Indians move on, no matter what the scale of the calamity.
Nearly 36 hours after gigantic waves swamped the coastal areas of Chennai, life is busy as usual.
Traversing the 23 km from Meenambakkam airport to Marina Beach, looking out of the taxi window, one expects to see chaos; if not chaos then at least an indication that something has gone wickedly wrong in the city. But the only thing wrong, or perhaps right, is that everything is normal.
The city has not come to a standstill. Everybody is back to the grind.
I should have known. Before coming I had called up a friend in Chennai to find out the situation there.
"Oh, there is no problem," Ashok Pal said. "Everything is okay. The problem is only near the beach."
At the prepaid taxi counter at the airport, the man on duty merely raised his eyebrow when I told him I wanted to go to Marina Beach. "It is closed for public," he said while handing me the receipt.
Only the heavy police presence at the beach gives an indication of the turbulence beneath the calm surface.
A few hundred people stand on the edge of the beach, curious to know what the fuss is about. They have been asked not to go in; the administration does not want to take any chances, given that a few more aftershocks are expected.
The litter that one saw on the morning of the disaster has been cleaned up, to the best extent possible, and the bodies -- the ones that the sea has regurgitated -- have been claimed.

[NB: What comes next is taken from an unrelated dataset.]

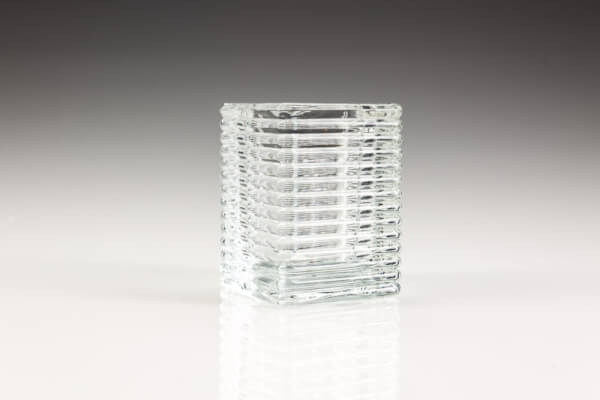 Square Ribbed Liquid Wax Candle Holder Clear Chunky Glass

The timing of the tragedy was also crucial. Had the killer waves struck in the evening when there are over a lakh of people on the beach, the death toll would have been much higher. The darkness of the night would have prevented them from seeing the gigantic waves and finding refuge would be almost impossible. In chosing the early morning hours to ravage the shore, the water, in a way, was magnanimous in its fury.
The sea itself, after having played havoc for a few minutes, has retreated to its place. For many people, those few minutes were cataclysmic.
To put things in perspective for me, a local resident tells me that the waves even picked up catamarans and deposited them in front of the big, white-coloured office complex of the director general of police, right across the road.
Along the way they knocked off a section of the lighthouse, he adds.
The second part is easily verifiable; there is tangible proof of something having been there before the waves struck. The first, the catamaran part, is not. The reality keeps shifting, depending on whom you ask. The fishermen tend to put the overall toll, the size of the waves and other such details much higher. The police and the administration tend to be a lot more circumspect.
Inspector M Ramesh tells me that not many people died in this section of the coast, and that there is not much to be found here. He adds that there is a hamlet a few kilometres away, just ahead of St Thomas Cathedral, off the road, where nearly 60 fishermen died.
A short ride in an autorickshaw brings me to the place, which is witnessing an exodus.
Most of the people there have taken refuge in a nearby church. The remaining fishermen and their families sit on the pavement with whatever is left of their belongings.
Nearby there is a small bus and women inside hand out used clothes to the people. It is a virtual stampede.
A hundred metres or so off the road is where the deserted hamlet, or whatever is left of it, is.
Shankar, 33, one of the few fishermen there, tells me that he came back from the sea at around 6 am on Sunday. "I had gone at around 3 pm on Saturday. A couple of hours after I came home the ground rumbled."
And as if it were a case of double-whammy, he adds ruefully. "Generally I get fish worth around Rs 100 every night. That night I didn't get anything."
He points out to a one-storey building and says that the waves were that high.
Later he lights a candle and takes me to his house -- one of the few in the hamlet to be made of bricks and cement -- to survey the disaster. His 28-year-old wife, his mother and sister were also in when the water raced in. They are all okay, and at Lazarus Church, across the road.
The parish priest at the church, Father A Anthony Swamy, says that around 3,000 people have taken shelter there. "The church is providing them with food, water and toilet facilities."
The priest says the sheer number of people coming in overwhelmed him at first. "The first day we had a lot of problems because we had to arrange for everything," he says. "But today some private agencies and nongovernmental organisations have come forward to help us. We are taking as good care as possible."
The tragedy has brought the people of the area together. "We have all kinds of people here. Hindus, Muslims, Christians. Most of the people are Hindus and Muslims," the Father says.
"Yesterday a Muslim man came to me and asked, 'Father, can I enter the church? Can I stay here?' I told him that we are all God's children. You are welcome to stay here. It is only because of my cassock that you can make out that I am a Christian. I cannot look at you and think that."
Later, nine-year-old Stalin Mohan, who was named after DMK chief M Karunanidhi's son, tells me he was on the beach playing cricket with three of his friends when the sea invaded their playground. "Suddenly we saw this huge wave coming towards us," he says, theatrically.
The plucky boy, with all the ingenuity that only nine year olds can come up with, swam to safety.
His age has insulated him from grief. He is just too proud of his achievement, of his skill and bravery, and does not mind bragging about himself.
Had his grandfather, Mohan, been alive, he, too, would have been proud of him. But the old man, who had gone out to fish, will never know of his grandson's exploits.